Looking ahead to the second half of the global foreign trade economy and entering the third quarter, considering that the excess savings of the residential sector in Europe and America are still around 1 trillion yuan, this will continue to support the stable growth of private consumption in Europe and America in the short term. "Cheng Shi, Chief Economist of ICBC International, analyzed that in terms of emerging markets, despite the continuous decline in commodity prices in the second half of 2022, the economic growth rate of most emerging market countries significantly slowed down in the first half of the year, However, it is expected that some emerging market countries (such as Brazil, India, and major Southeast Asian countries) will benefit from stable private consumption in Europe and America, heavy global trade chains, and China's economic recovery, and their economies will still rapidly recover in the third quarter. However, for countries (such as Argentina and Türkiye) that have been experiencing hyperinflation for a long time and have always faced heavy internal and external debt pressure, it is still difficult to solve the possibility of currency crisis even when inflation reaches a moderate growth range.
Entering the second quarter of 2023, based on the current leading indicators of economic recession in Europe and America, most indicators continue to remain stable. Cheng Shi's analysis shows that in the United States, although the GDP growth rate in the second quarter has declined due to fluctuations in inventory investment, the actual foreign trade economic growth rate is still higher than the potential economic growth rate estimated by the Federal Reserve. Among them, private consumption data, which contributed more than 70% of GDP growth rate, remains generally stable. Before the epidemic, the actual consumption growth rate in the United States was less than 2%, but after the epidemic, the actual consumption growth rate in the United States has climbed to around 3.1%. Leading indicators such as actual consumption expenditure, retail sales month on month, new home sales, car sales, and personal consumption expenditure also indicate that overall consumption in the United States has remained stable since the second quarter of this year.

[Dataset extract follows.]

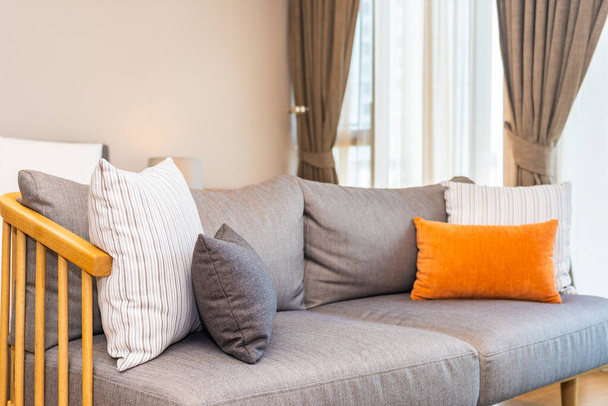 Μαξιλάρι σε καναπέ διακόσμηση στο σαλόνι εσωτερικό χώρο για αναψυχή και να χαλαρώσετε - Φωτογραφία, εικόνα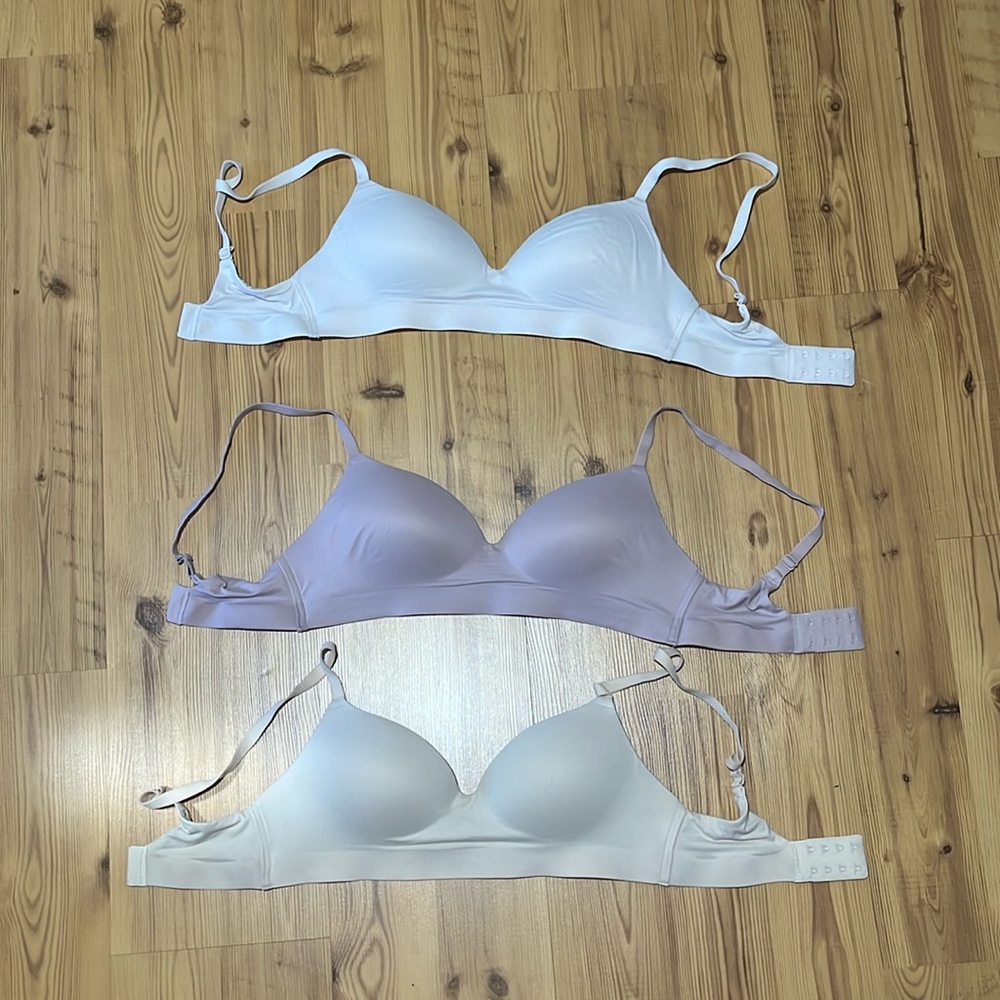 Soma enbliss wireless lot of three bras size 32 C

In terms of the euro area, with the gradual slowdown of the Russia-Ukraine conflict, the economies of the countries in the euro area have entered the recovery channel. Although the growth rate of retail sales is still weak, the disposable income of residents has continued to grow, and Consumer confidence has been rapidly restored simultaneously. In addition, the recovery of China's foreign trade economy also boosted the performance of Balance of trade in the euro area.
What are the reasons for the sustained resilience of European and American foreign trade economies in the short term, despite the overall high inflation level, significant increase in interest rates, and low long-term potential growth rates?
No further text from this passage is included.